LOAD R1, Y (Loads Y into register 1)
LOAD R2, Z (Loads Z into register 2)
MULT R2, 3 (Multiplies register 2 by 3)
ADD R1, R2 (Adds register 2 to register 1)
STOR R1, X (Stores register 1 into X)
I don’t even want to think about what the equivalent binary bit strings of machine code would look like.
This automatic compilation of a fairly readable programming language into almost totally unreadable binary machine code is both the strength and weakness of the compiler. Most of the programs being developed today would be totally impossible without the high level languages. Assembly code is simply not up to the complexity, and would take 10 – 20 times longer if you tried to use it. And nobody in their right mind writes real programs in machine code (binary). However, being able to read them is sometimes a help in debugging.
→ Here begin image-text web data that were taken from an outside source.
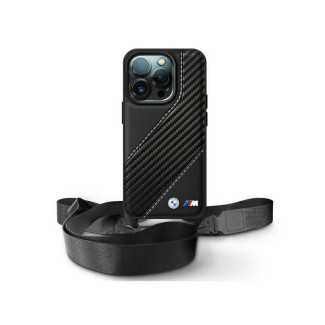 BMW Coque pour iPhone 16 Pro Max noire Édition M Bande Carbone et Dragonne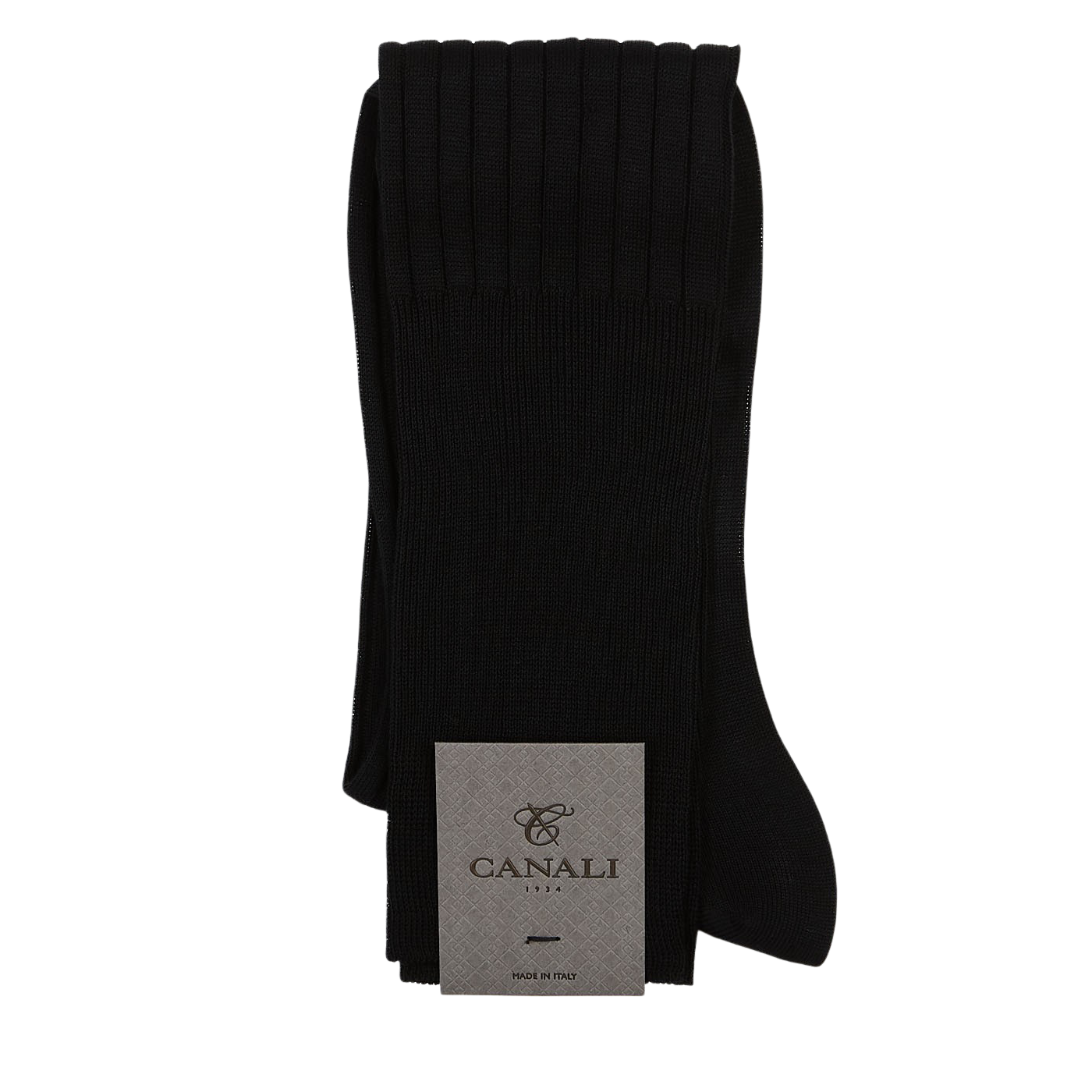 Canali Black Knee Long Ribbed Cotton Socks Fold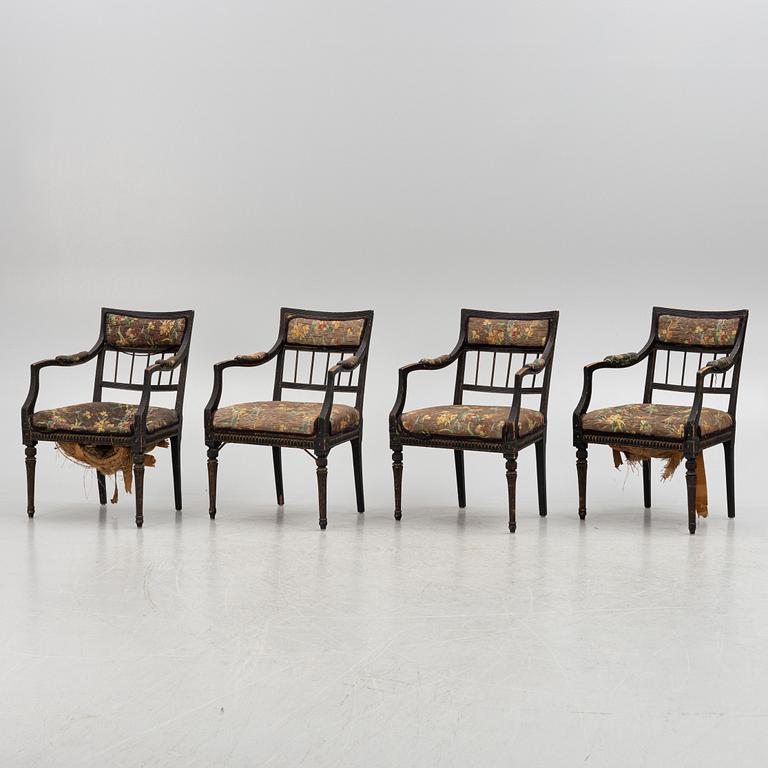 A set of four late Gustavian open armchairs by N. Thorsson (1779-1848).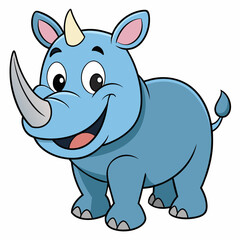 Fototapeta premium Cartoon Rhinoceros Illustration, Cartoon Art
The down side of a compiler is that you (the programmer) and your program are now separated from the instructions that the computer is actually executing. You assume/hope that the machine code is an accurate representation of your program, and usually this is a fairly good assumption. However the compiler may change the order of operations or substitute “equivalent” operations, if it thinks this may improve things. This is especially true of optimizing compilers, which can move large chunks of code around to try to make the program run faster or use less memory. When the compiler does a good job, it creates code that runs very fast and doesn't use a lot of memory. If the compiler makes a bad guess, it can create bugs that are the very dickens to find and fix.
The output from a compiler can be any of a number of things, depending on how you set the options:
-
A file of machine instructions, binary, ready to run, like an exe file.
-
A file of Assembly code, which may be “tweaked” by hand, then passed to an assembler. Many FORTRAN, C, and C++ compilers will generate either of these.
-
A file of intermediate level code that is always the same, no matter what type of computer it is compiled on. Then you need another program, called a “run time environment” (RTE), that is written just for that type of machine. The RTE acts like a virtual computer to execute the intermediate code. This is how the internet programming language, Java, works. The theory is that, once you compile a Java program on any machine (PC, MAC, Sun, etc.), it will run on any other computer. As long as the person who runs it has the RTE for that machine, the Java program will run on ANY computer. It never works quite that well in actual practice, of course, but that is the theory. If you're interested in more on Java and internet related languages, we have it.
-
Then there are the “interpreters”, which don’t produce any output file at all. There is an interpreter program (kind of like the RTE) which scans your program and performs the operations immediately. The down side is that each statement is scanned each time it is executed. If a statement is inside a loop and executed 1000 times, it is scanned 1000 times. Many of the cheaper/older flavors of BASIC are like this. They are R – e – a – l – l – y S – l – o – o – o – o – w.